<<<<

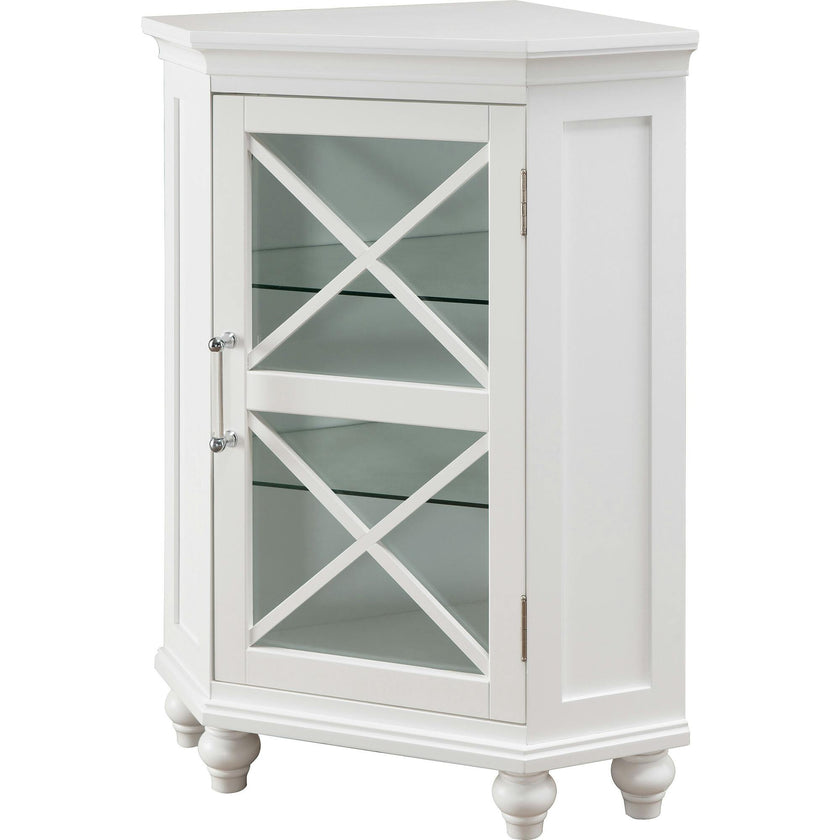 Blue Ridge Corner Wooden Floor Cabinet with Adjustable Shelves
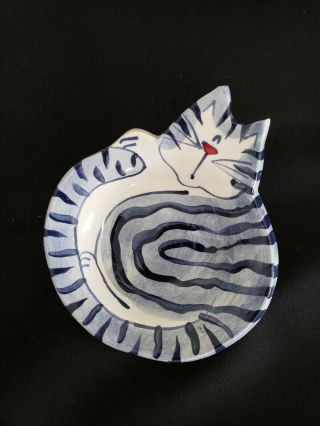 Vintage Pottery Cat Trinket Dish Hand - Crafted Signed Lori Ellyn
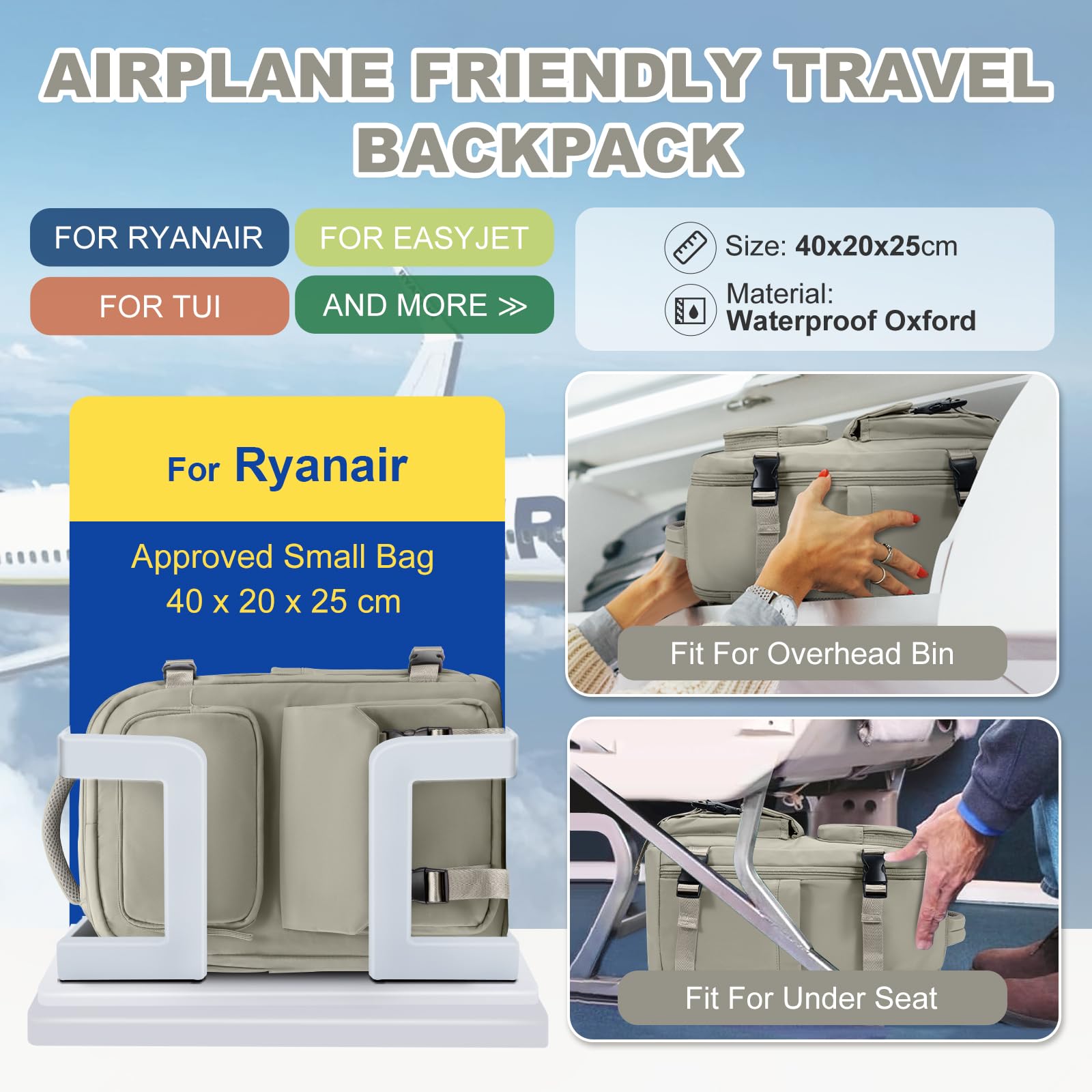 SZLX Zaino da Viaggio grande Zaino Ryanair 40x30x20 Sottovuoto Donna da escursionismo sportivo da esterno impermeabile Zaino Casual Laptop da 14 Pollici con porta di ricarica USB Scomparto per Scarpe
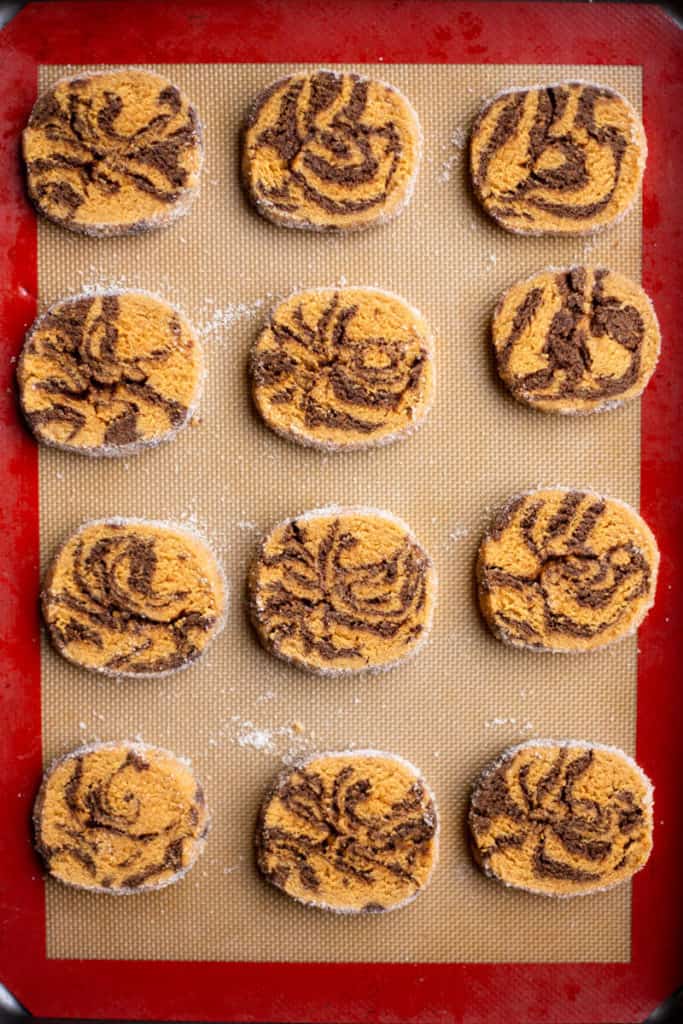 tray of baked Swirled Chocolate Peanut Butter Slice & Bake Cookies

>>>>

**Problem to work on**
The expected output is every line of the data, unchanged, with the pictures skipped.

**Output for this task**
 Blue Ridge Corner Wooden Floor Cabinet with Adjustable Shelves
 Vintage Pottery Cat Trinket Dish Hand - Crafted Signed Lori Ellyn
 SZLX Zaino da Viaggio grande Zaino Ryanair 40x30x20 Sottovuoto Donna da escursionismo sportivo da esterno impermeabile Zaino Casual Laptop da 14 Pollici con porta di ricarica USB Scomparto per Scarpe
 tray of baked Swirled Chocolate Peanut Butter Slice & Bake Cookies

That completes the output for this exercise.